Metabolic profiling of isolated mitochondria and cytoplasm reveals compartment-specific metabolic responses.

作者信息

Pan Daqiang, Lindau Caroline, Lagies Simon, Wiedemann Nils, Kammerer Bernd

机构信息

Center for Biological Systems Analysis, ZBSA, Albert-Ludwigs-University Freiburg, Habsburgerstraße 49, 79104, Freiburg, Germany.

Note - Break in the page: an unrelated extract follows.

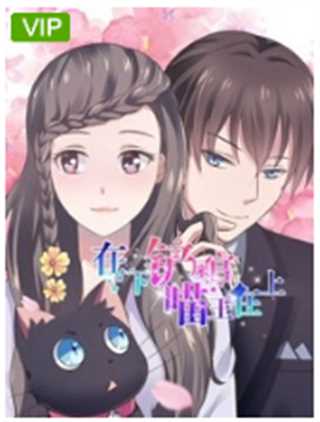 在下铲屎官：喵王在上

Institute of Pharmaceutical Sciences, Albert-Ludwigs-University Freiburg, 79104, Freiburg, Germany.

出版信息

Metabolomics. 2018;14(5):59. doi: 10.1007/s11306-018-1352-x. Epub 2018 Mar 31.

Abstract

INTRODUCTION

Subcellular compartmentalization enables eukaryotic cells to carry out different reactions at the same time, resulting in different metabolite pools in the subcellular compartments. Thus, mutations affecting the mitochondrial energy metabolism could cause different metabolic alterations in mitochondria compared to the cytoplasm. Given that the metabolite pool in the cytosol is larger than that of other subcellular compartments, metabolic profiling of total cells could miss these compartment-specific metabolic alterations.

OBJECTIVES

To reveal compartment-specific metabolic differences, mitochondria and the cytoplasmic fraction of baker's yeast were isolated and subjected to metabolic profiling.

METHODS

Mitochondria were isolated through differential centrifugation and were analyzed together with the remaining cytoplasm by gas chromatography-mass spectrometry (GC-MS) based metabolic profiling.

RESULTS

Seventy-two metabolites were identified, of which eight were found exclusively in mitochondria and sixteen exclusively in the cytoplasm. Based on the metabolic signature of mitochondria and of the cytoplasm, mutants of the succinate dehydrogenase (respiratory chain complex II) and of the FF-ATP-synthase (complex V) can be discriminated in both compartments by principal component analysis from wild-type and each other. These mitochondrial oxidative phosphorylation machinery mutants altered not only citric acid cycle related metabolites but also amino acids, fatty acids, purine and pyrimidine intermediates and others.

CONCLUSION

By applying metabolomics to isolated mitochondria and the corresponding cytoplasm, compartment-specific metabolic signatures can be identified. This subcellular metabolomics analysis is a powerful tool to study the molecular mechanism of compartment-specific metabolic homeostasis in response to mutations affecting the mitochondrial metabolism.

摘要

引言

亚细胞区室化使真核细胞能够同时进行不同的反应,导致亚细胞区室中存在不同的代谢物池。因此,与细胞质相比,影响线粒体能量代谢的突变可能会导致线粒体中不同的代谢改变。鉴于细胞质中的代谢物池比其他亚细胞区室的代谢物池大,全细胞的代谢谱分析可能会遗漏这些区室特异性的代谢改变。

目的

为了揭示区室特异性的代谢差异,分离了面包酵母的线粒体和细胞质部分,并对其进行代谢谱分析。

方法

通过差速离心分离线粒体,并与剩余的细胞质一起通过基于气相色谱-质谱(GC-MS)的代谢谱分析进行分析。

结果

共鉴定出72种代谢物,其中8种仅在线粒体中发现,16种仅在细胞质中发现。基于线粒体和细胞质的代谢特征,通过主成分分析,可以将琥珀酸脱氢酶(呼吸链复合物II)和FF-ATP合酶(复合物V)的突变体与野生型以及彼此区分开来。这些线粒体氧化磷酸化机制突变体不仅改变了柠檬酸循环相关的代谢物,还改变了氨基酸、脂肪酸、嘌呤和嘧啶中间体等。

结论

通过将代谢组学应用于分离的线粒体和相应的细胞质,可以鉴定区室特异性的代谢特征。这种亚细胞代谢组学分析是研究影响线粒体代谢的突变响应中区室特异性代谢稳态分子机制的有力工具。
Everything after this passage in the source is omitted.